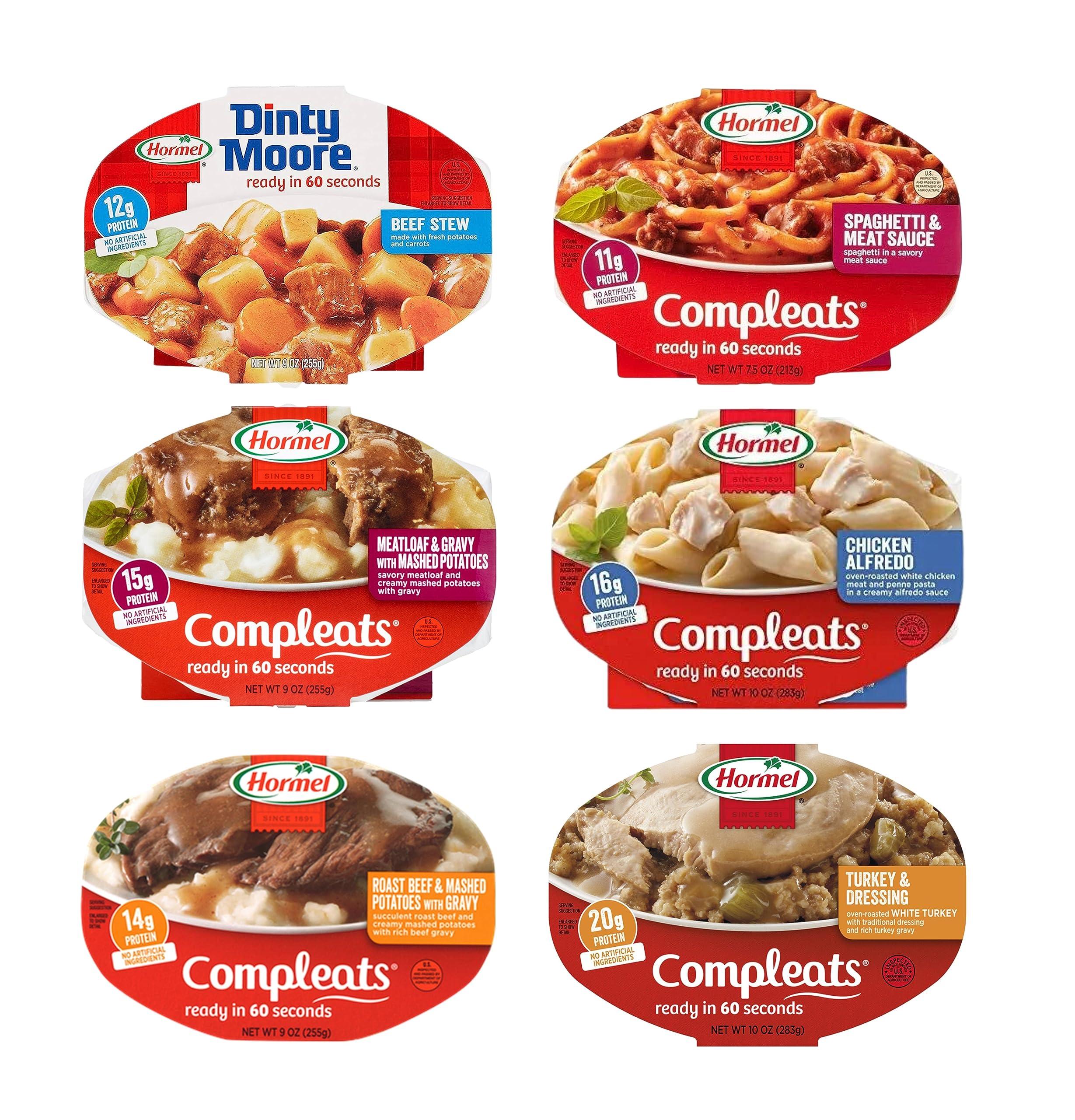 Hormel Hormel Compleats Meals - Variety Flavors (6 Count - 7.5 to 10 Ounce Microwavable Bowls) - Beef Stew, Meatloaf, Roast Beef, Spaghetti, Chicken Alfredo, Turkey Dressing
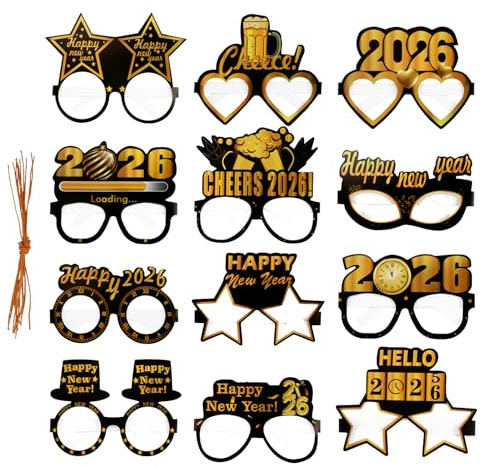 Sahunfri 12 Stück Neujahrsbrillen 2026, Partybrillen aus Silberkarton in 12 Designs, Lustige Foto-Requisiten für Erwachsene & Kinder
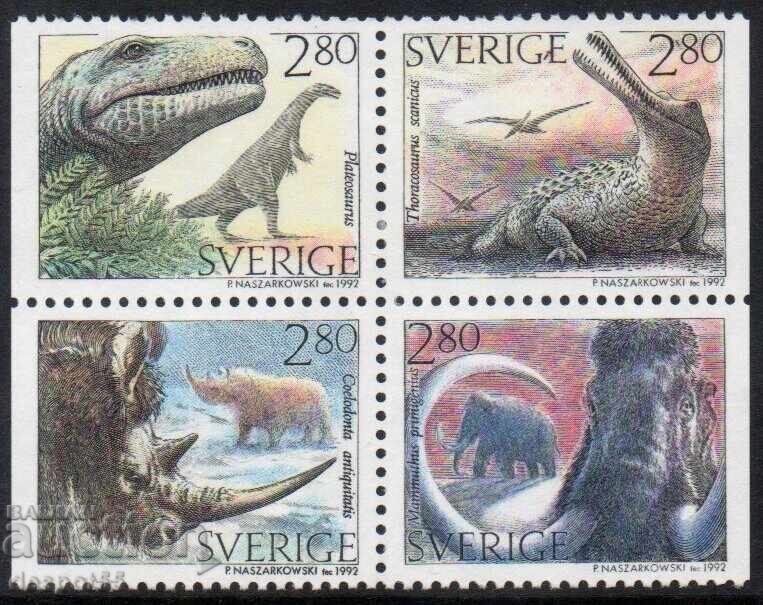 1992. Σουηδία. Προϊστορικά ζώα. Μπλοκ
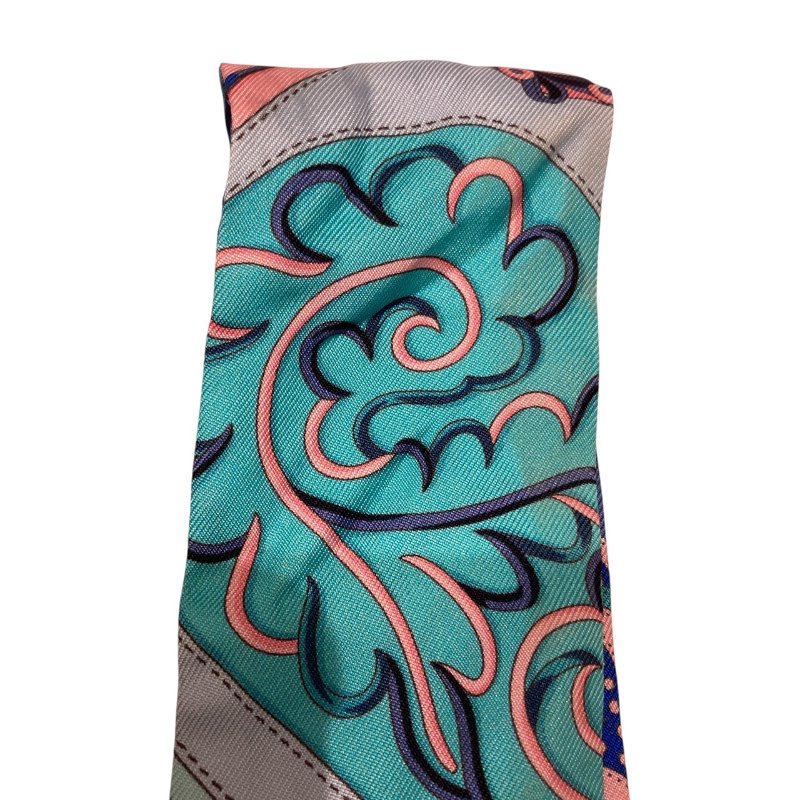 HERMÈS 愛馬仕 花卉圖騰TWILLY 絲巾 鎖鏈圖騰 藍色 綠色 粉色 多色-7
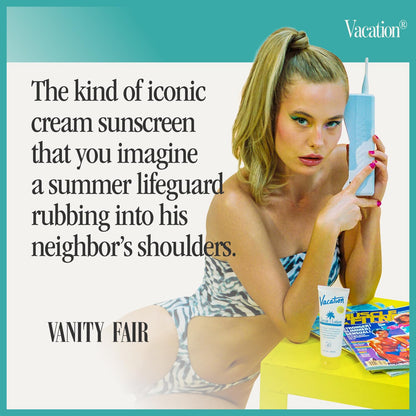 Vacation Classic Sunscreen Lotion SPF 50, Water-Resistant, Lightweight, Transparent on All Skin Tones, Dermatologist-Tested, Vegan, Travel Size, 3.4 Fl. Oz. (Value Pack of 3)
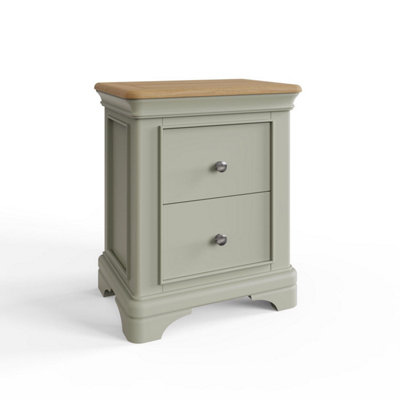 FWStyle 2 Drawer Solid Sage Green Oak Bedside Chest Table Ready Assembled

______________________________

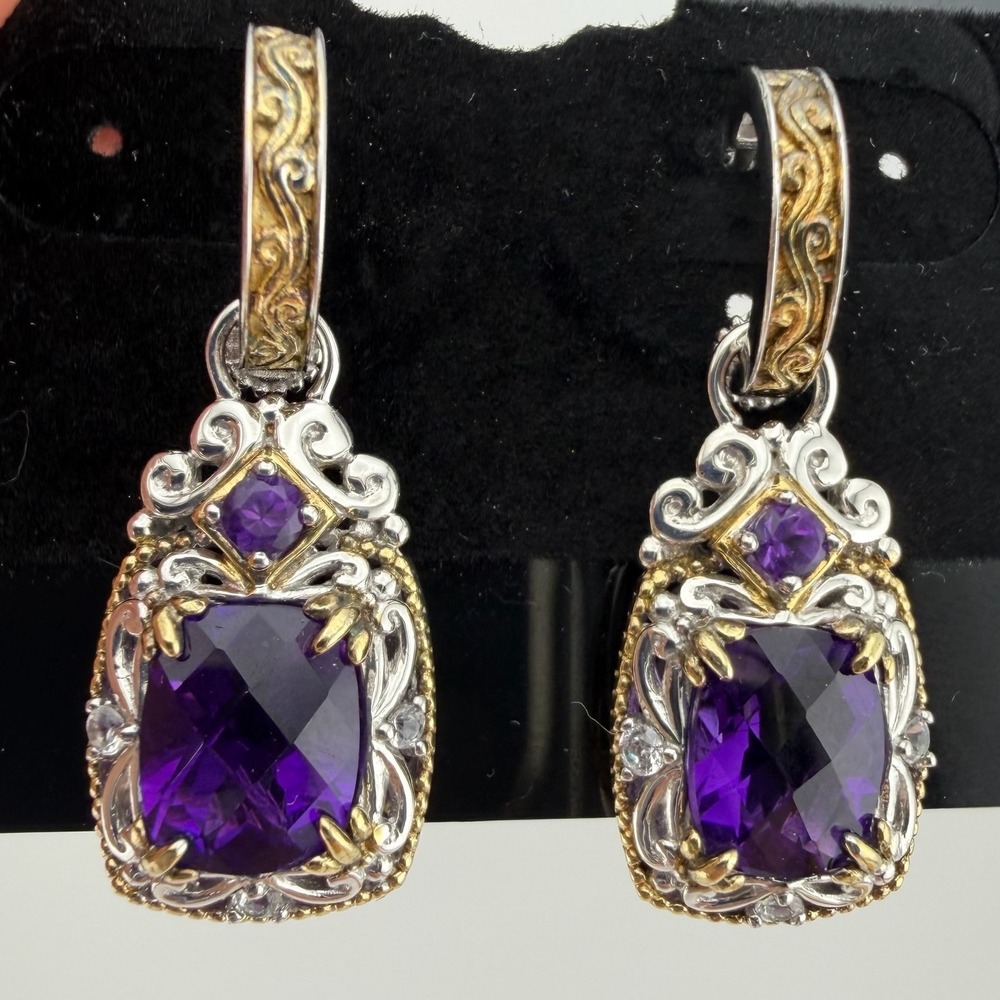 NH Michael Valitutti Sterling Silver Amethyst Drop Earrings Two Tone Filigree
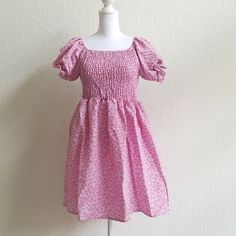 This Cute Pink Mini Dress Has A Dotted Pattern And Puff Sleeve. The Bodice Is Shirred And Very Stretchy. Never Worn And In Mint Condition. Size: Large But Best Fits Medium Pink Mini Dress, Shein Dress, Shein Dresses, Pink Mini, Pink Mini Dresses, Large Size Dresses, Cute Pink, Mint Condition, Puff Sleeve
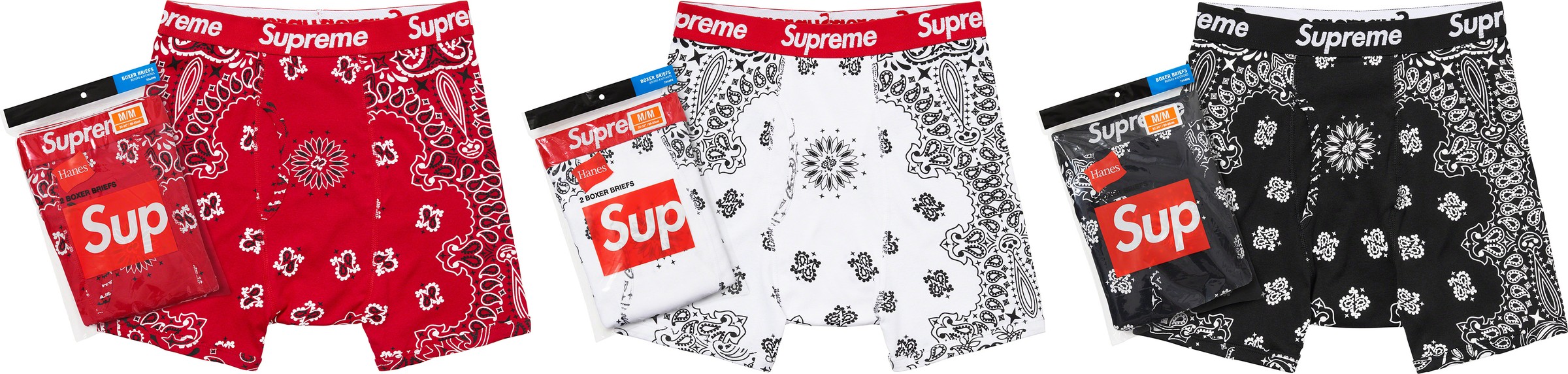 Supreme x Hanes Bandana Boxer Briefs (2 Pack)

______________________________

Return the stretch of data that begins with the line showing "HERMÈS 愛馬仕 花卉圖騰TWILLY 絲巾 鎖鏈圖騰 藍色 綠色 粉色 多色-7" and goes on through the line showing "FWStyle 2 Drawer", exactly, with pictures removed.

 HERMÈS 愛馬仕 花卉圖騰TWILLY 絲巾 鎖鏈圖騰 藍色 綠色 粉色 多色-7
 Vacation Classic Sunscreen Lotion SPF 50, Water-Resistant, Lightweight, Transparent on All Skin Tones, Dermatologist-Tested, Vegan, Travel Size, 3.4 Fl. Oz. (Value Pack of 3)
 FWStyle 2 Drawer Solid Sage Green Oak Bedside Chest Table Ready Assembled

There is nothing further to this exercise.